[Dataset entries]
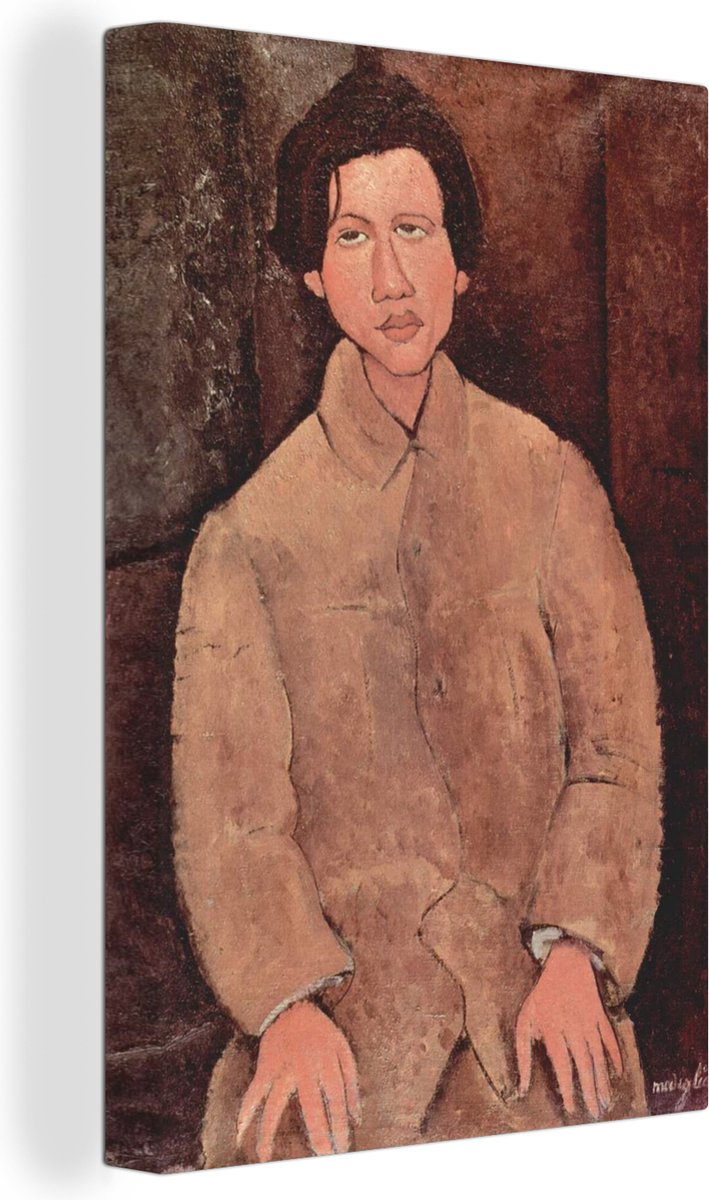 Canvas Schilderij Portret van Chaim Soutine - Schilderij van Amedeo Modigliani - 80x120 cm - Wanddecoratie - OneMillionCanvasses
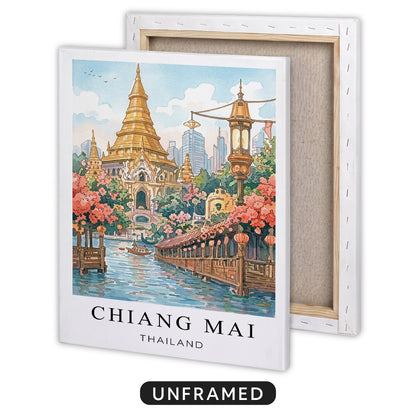 Chiang Mai Canvas Wall Art – Thailand Temple Decor, Cultural Travel Artwork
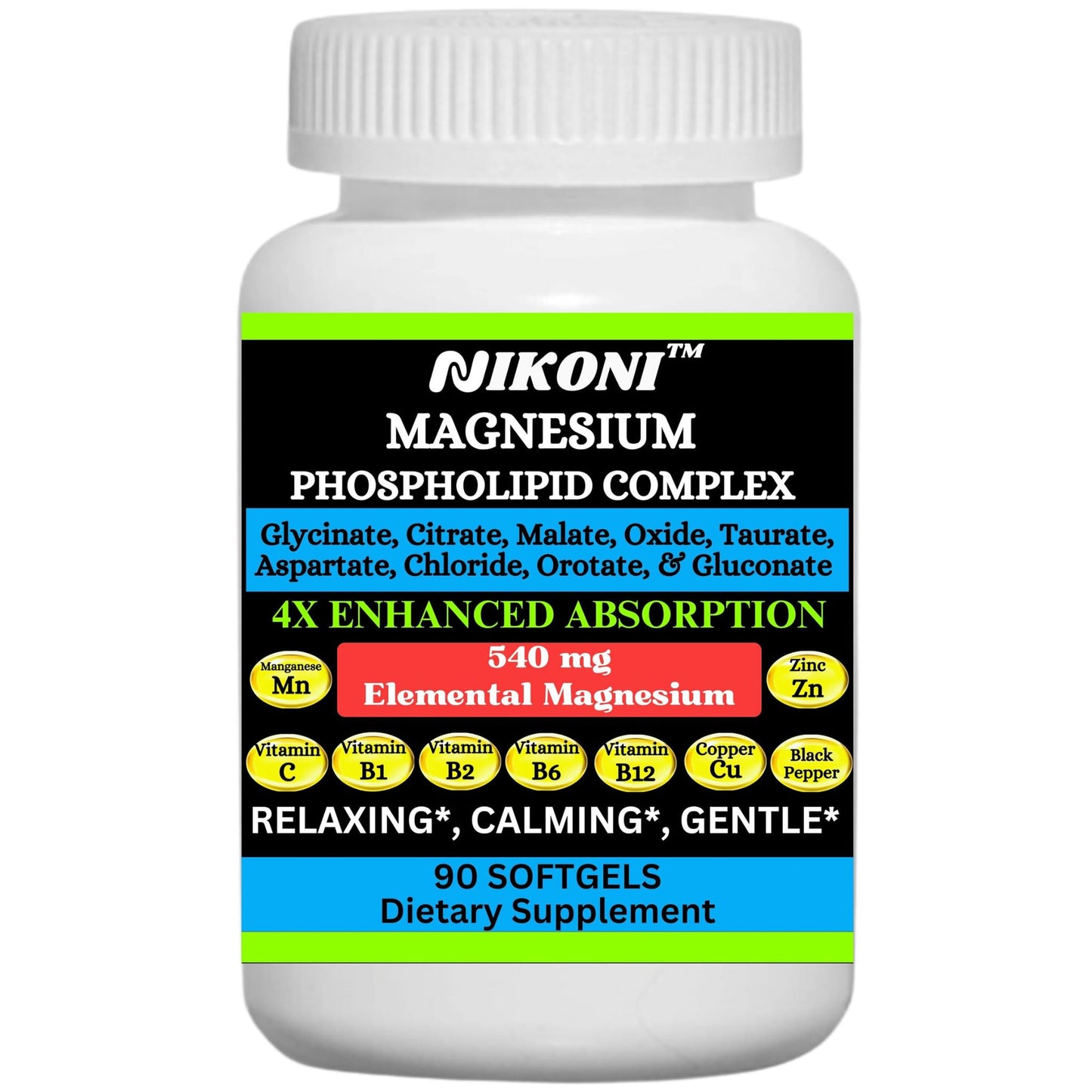 Nikoni Phospholipid Magnesium Complex 2500mg (9 Magnesium Salts, 5 Vitamins & 3 Minerals) Softgels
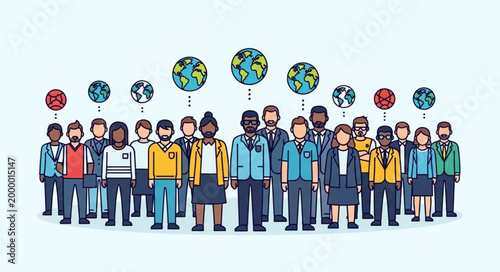 Diverse group of people standing together with globes above them.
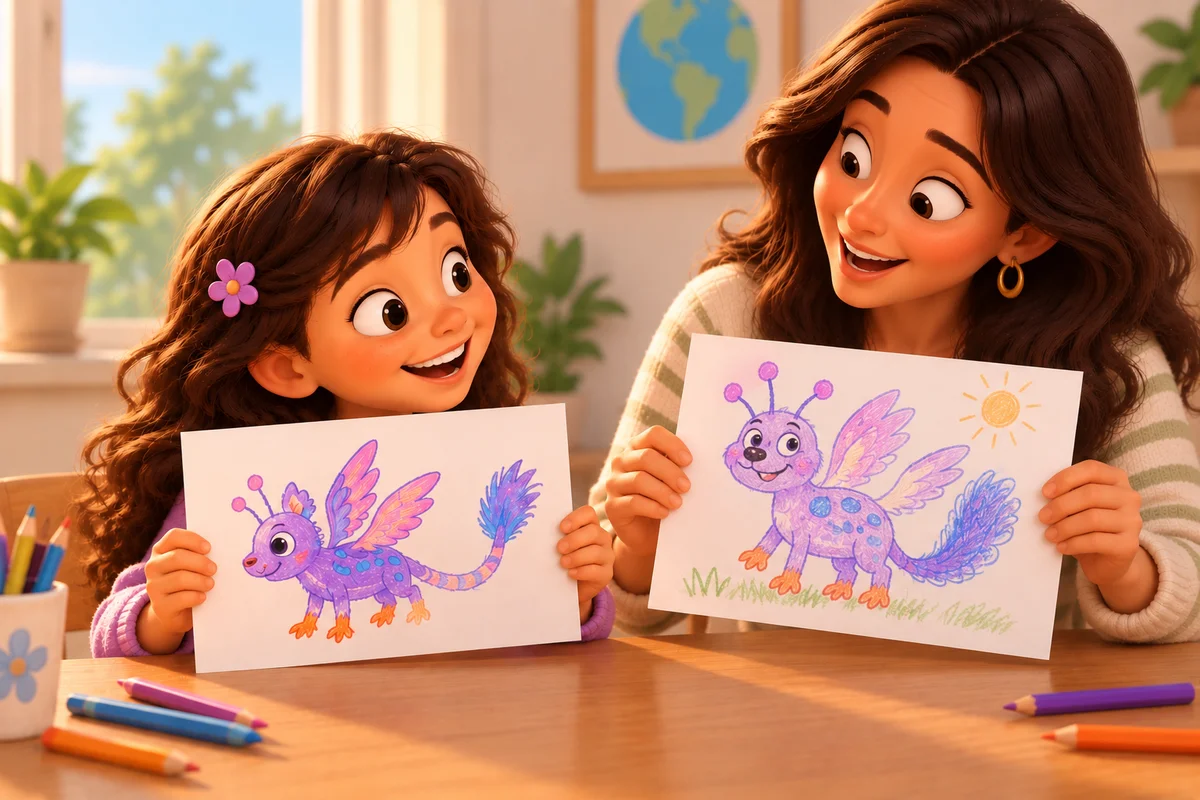 A girl and her mother reveal two different drawings of their purple, winged imaginary creature.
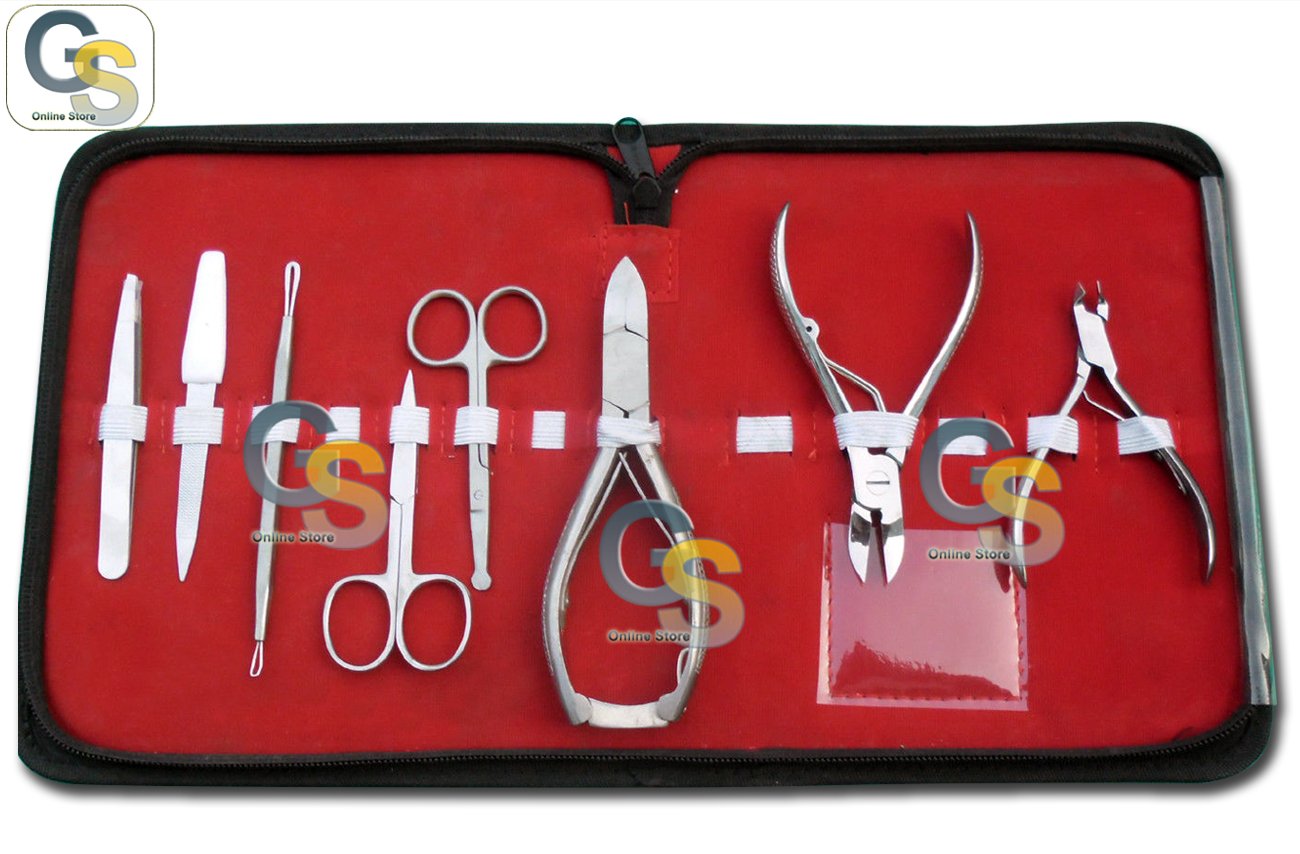 G.S 9 PCS PROFESSIONAL QUALITY NAIL MANICURE KIT TOOLS SET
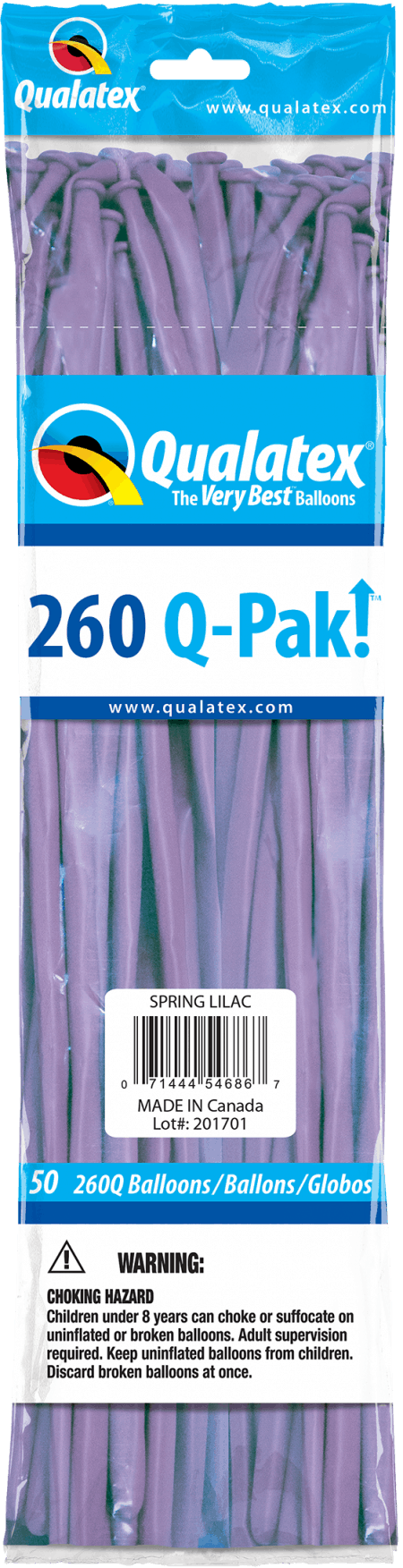 Spring Lilac Q-Pak Qualatex Modelling Balloons 260Q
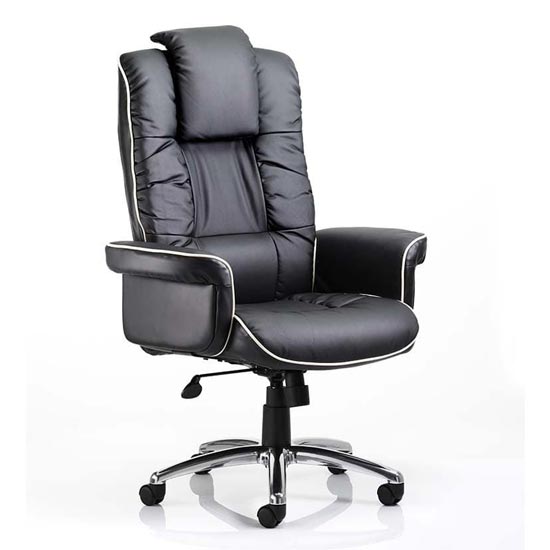 Photo of Chelsea leather executive office chair in black with arms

Instructions for the task. Print each of the records above exactly as written, leaving no picture in the copy.

Response below.
 Canvas Schilderij Portret van Chaim Soutine - Schilderij van Amedeo Modigliani - 80x120 cm - Wanddecoratie - OneMillionCanvasses
 Chiang Mai Canvas Wall Art – Thailand Temple Decor, Cultural Travel Artwork
 Nikoni Phospholipid Magnesium Complex 2500mg (9 Magnesium Salts, 5 Vitamins & 3 Minerals) Softgels
 Diverse group of people standing together with globes above them.
 A girl and her mother reveal two different drawings of their purple, winged imaginary creature.
 G.S 9 PCS PROFESSIONAL QUALITY NAIL MANICURE KIT TOOLS SET
 Spring Lilac Q-Pak Qualatex Modelling Balloons 260Q
 Photo of Chelsea leather executive office chair in black with arms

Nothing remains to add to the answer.